▶ _TRY IT_:
Copy the data exactly. Images are the one exception.

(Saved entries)

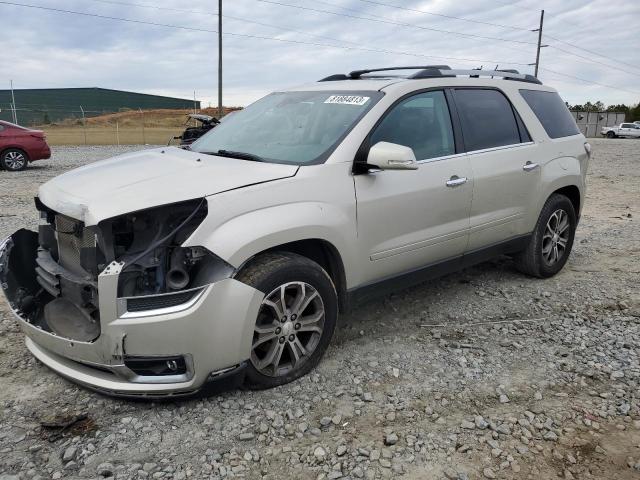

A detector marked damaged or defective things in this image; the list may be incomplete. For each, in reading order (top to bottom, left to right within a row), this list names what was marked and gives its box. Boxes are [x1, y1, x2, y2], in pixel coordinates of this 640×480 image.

crushed front end [0, 197, 262, 396]
damaged bumper [0, 233, 262, 398]
crumpled hood [38, 146, 298, 225]
damaged gmc acadia [0, 67, 592, 398]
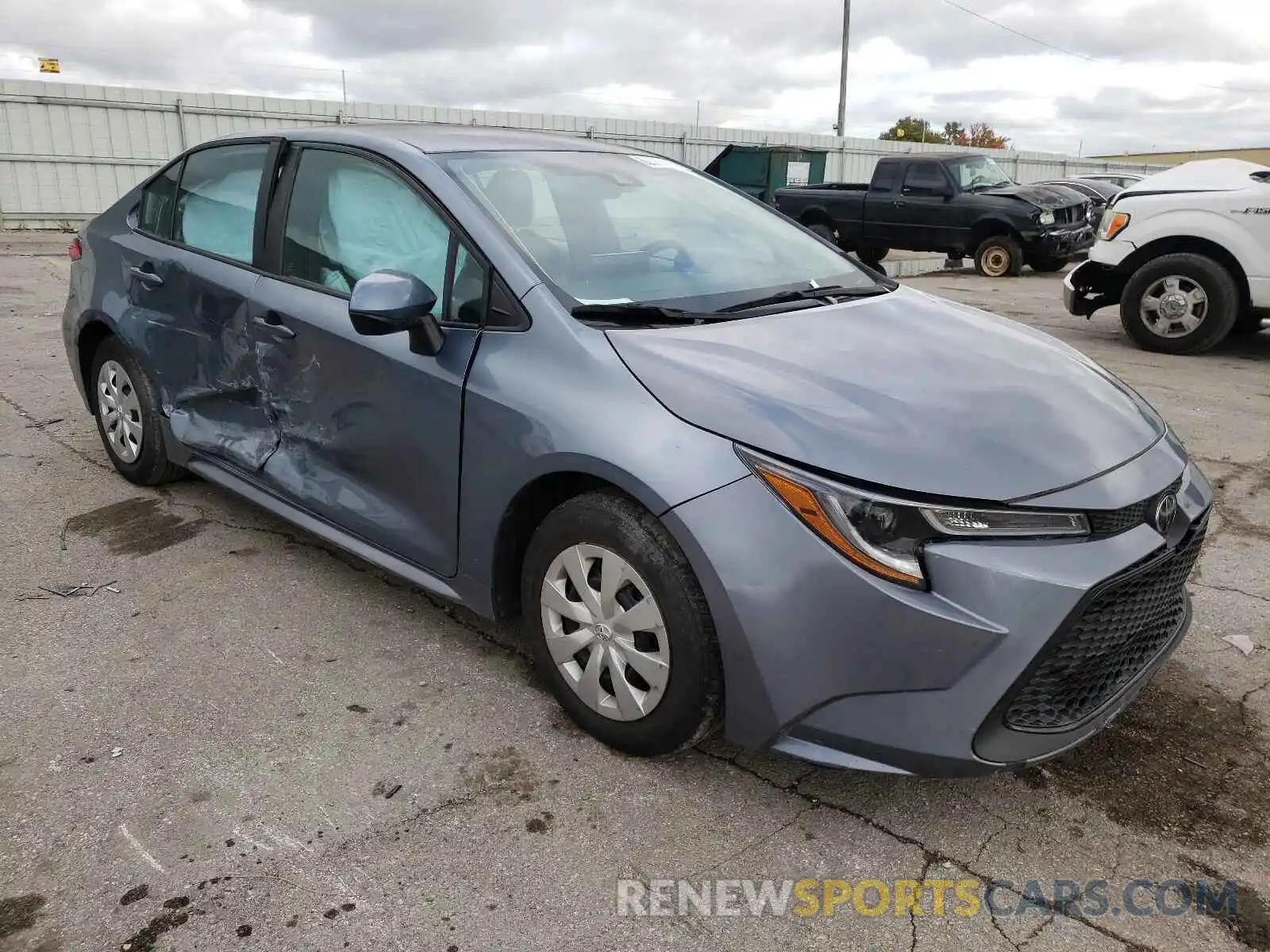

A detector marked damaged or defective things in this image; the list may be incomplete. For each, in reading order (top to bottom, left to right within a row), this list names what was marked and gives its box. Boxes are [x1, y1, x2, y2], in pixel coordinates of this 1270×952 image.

dented front door [246, 275, 477, 574]
cracked concrete pavement [0, 240, 1264, 952]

▶ _ANSWER BOX_:
A detector marked damaged or defective things in this image; the list may be incomplete. For each, in reading order (top to bottom, left to right within a row), this list names what was marked and gives its box. Boxes are [x1, y1, x2, y2], in pixel coordinates of this 640×480 image.

crushed front end [0, 197, 262, 396]
damaged bumper [0, 233, 262, 398]
crumpled hood [38, 146, 298, 225]
damaged gmc acadia [0, 67, 592, 398]

A detector marked damaged or defective things in this image; the list may be incomplete. For each, in reading order (top to bottom, left to right within a row), this list names what was marked and gives its box. Boxes are [x1, y1, x2, y2], in pixel coordinates of this 1270×952 image.

dented front door [246, 275, 477, 574]
cracked concrete pavement [0, 240, 1264, 952]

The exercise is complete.